Cline Mining (TSX: CMK), which had to idle its in-development New Elk deep coal mine in Colorado a few weeks ago, said Dec. 18 that it was unable to make the semi-annual payment of interestof US$2.5m that was due on Dec. 17 on its outstanding US$50m principal amount of 10% senior secured bonds.
The company said in the brief statement that it has been in discussions with Marret Asset Management Inc., which represents the bondholders, and is considering the options available to the company.
Cline, through its subsidiaries, has metallurgical coal property interests in Colorado. It also is the plaintiff in a legal action against the British Columbia government with respect to the loss of rights under coal licenses relating to certain properties in southeastern British Columbia, along the Montana border. That ban was in a deal with U.S. officials to protect a cross-border watershed.

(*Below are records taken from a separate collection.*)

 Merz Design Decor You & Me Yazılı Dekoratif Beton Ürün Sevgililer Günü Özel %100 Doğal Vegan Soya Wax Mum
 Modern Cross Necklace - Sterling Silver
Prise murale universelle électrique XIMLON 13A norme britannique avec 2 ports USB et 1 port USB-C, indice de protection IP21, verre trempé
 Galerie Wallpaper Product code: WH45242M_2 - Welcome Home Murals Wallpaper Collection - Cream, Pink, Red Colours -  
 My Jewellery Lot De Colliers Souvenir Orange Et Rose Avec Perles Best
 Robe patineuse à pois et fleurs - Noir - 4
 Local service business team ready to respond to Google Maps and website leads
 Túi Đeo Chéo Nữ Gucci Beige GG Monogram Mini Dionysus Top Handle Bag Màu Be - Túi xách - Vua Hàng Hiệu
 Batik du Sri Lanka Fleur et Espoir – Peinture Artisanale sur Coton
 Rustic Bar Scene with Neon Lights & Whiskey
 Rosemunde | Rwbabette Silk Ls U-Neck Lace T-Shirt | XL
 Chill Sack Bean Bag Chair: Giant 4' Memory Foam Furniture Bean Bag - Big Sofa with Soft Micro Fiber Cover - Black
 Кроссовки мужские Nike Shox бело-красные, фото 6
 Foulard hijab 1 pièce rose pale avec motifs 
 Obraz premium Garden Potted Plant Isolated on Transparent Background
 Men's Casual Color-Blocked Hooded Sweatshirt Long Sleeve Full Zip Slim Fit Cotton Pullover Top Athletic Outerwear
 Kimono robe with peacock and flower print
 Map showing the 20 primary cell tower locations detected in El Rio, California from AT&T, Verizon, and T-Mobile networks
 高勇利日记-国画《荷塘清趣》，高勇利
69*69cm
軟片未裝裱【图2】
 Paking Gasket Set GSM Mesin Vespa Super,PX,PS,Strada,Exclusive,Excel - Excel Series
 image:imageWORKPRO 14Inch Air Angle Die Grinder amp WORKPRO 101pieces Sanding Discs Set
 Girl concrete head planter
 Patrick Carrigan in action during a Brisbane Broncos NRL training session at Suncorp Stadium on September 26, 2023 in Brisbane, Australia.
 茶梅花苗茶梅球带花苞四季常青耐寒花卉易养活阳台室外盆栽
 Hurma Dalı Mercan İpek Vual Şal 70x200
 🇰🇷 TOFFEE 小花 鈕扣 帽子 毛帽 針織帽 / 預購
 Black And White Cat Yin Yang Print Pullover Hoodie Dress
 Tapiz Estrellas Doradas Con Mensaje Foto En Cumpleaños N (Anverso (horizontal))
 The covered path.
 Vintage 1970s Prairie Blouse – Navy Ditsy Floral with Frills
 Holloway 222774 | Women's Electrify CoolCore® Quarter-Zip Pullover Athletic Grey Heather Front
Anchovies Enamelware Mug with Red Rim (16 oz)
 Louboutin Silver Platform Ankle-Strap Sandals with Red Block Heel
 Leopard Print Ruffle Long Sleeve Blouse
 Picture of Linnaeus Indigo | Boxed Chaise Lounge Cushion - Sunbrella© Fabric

Canada-based Cline Mining said Oct. 15 that the company had three major objectives at that point for New Elk: to sell the company’s stockpile of metallurgical coal, to secure long-term sales contracts, and to restart production at the New Elk deep mine in southeast Colorado at the earliest opportune time.
Ken Bates, President, CEO and a Director of Cline Mining commented at that time: “Current market conditions for coal producers continue to be challenging. Demand continues to be weak in the metallurgical coal market with prices declining across the board. … Cline’s New Elk Mine is a major metallurgical coal mine with a large resource base of over 618 million short tons of metallurgical coking coal in place. During the short-term, the Company must navigate this difficult market by conserving its cash resources, raising In addition to its working capital requirements, the Company must secure sufficient funding to continue developing and expanding the New Elk Mine and keep its mineral claims and title in good standing.”